100th Anniversary of “Greenhouse Effect”
In 1917– exactly 100 years ago — the man best remembered for inventing the telephone used the term “greenhouse effect” to describe the phenomenon that burning fossil fuels would warm Earth’s atmosphere. Alexander Graham Bell stands as one of the greatest scientists and inventors of all time, with discoveries ranging from aviation to marine hydrofoils, to renewable energy…a veritable genius. (“Alexander Graham Bell”, a biography by Edwin S. Grosvenor and Morgan Wesson.)
His prolific writing shows that in 1914 he began to look at changes to atmosphere and temperature, initially looking at the effect of volcanoes and first used the phrase “greenhouse effect.” Then In a paper in 1917, about the depletion of natural resources, he stated that the unchecked burning of fossil fuels would lead to a “sort of greenhouse effect” and global warming. (Quoted from the Dictionary of Canadian Biography. It should be noted that there were other references to the phenomenon in other languages and some in English perhaps even a few years earlier. For a more detailed review of the etymology click here.)

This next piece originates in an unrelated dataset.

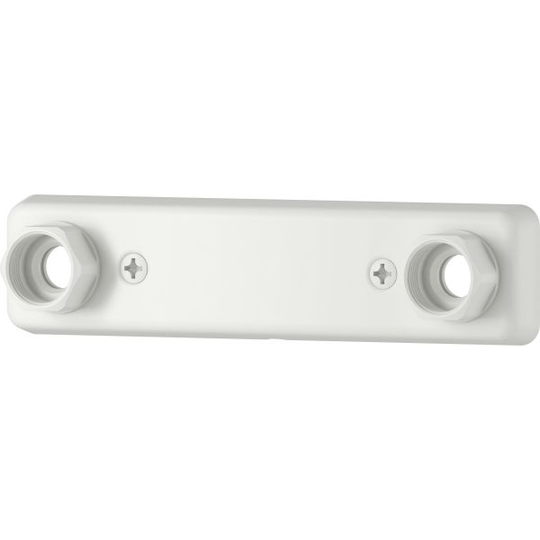 FM Mattsson S600029.22 Blandarfäste Mattvit 16 mm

The effect of trapping heat and warming the atmosphere, combined with the finite aspect of fossil fuel, is why Bell came to clearly advocate for renewable energy. What is remarkable is that one hundred years later, some 31% of the American public still disputes that burning fossil fuels is substantially warming the planet. (Gallup Poll 2016)
Although Bell was one of the first to use the concept of glass in a greenhouse creating warmer temperature as a way to describe the effect of increased carbon dioxide, he was not the first to identify the physics of that gas in terms of warming. That credit goes to John Tyndall in 1859, and then Svante Arrhenius in 1896, who actually calculated the amount of warming that would occur as we raised the level of CO2 in the atmosphere.
As shown in the graphic below (from my book “High Tide On Main Street“) the correlation of carbon dioxide, global average temperature, and sea level should be a sobering, screaming, urgent warning to heed Bell’s concern – brilliantly articulated a full century ago. (For a description of this chart and a link to download it in US and Metric click HERE.)
Today we have such a fantastic array of communication, likely far beyond what Bell could have envisioned. We can share knowledge and concerns instantly. Yet, one question hangs in the air: How long will it take us to grasp his wisdom and heed his advice about the greenhouse effect?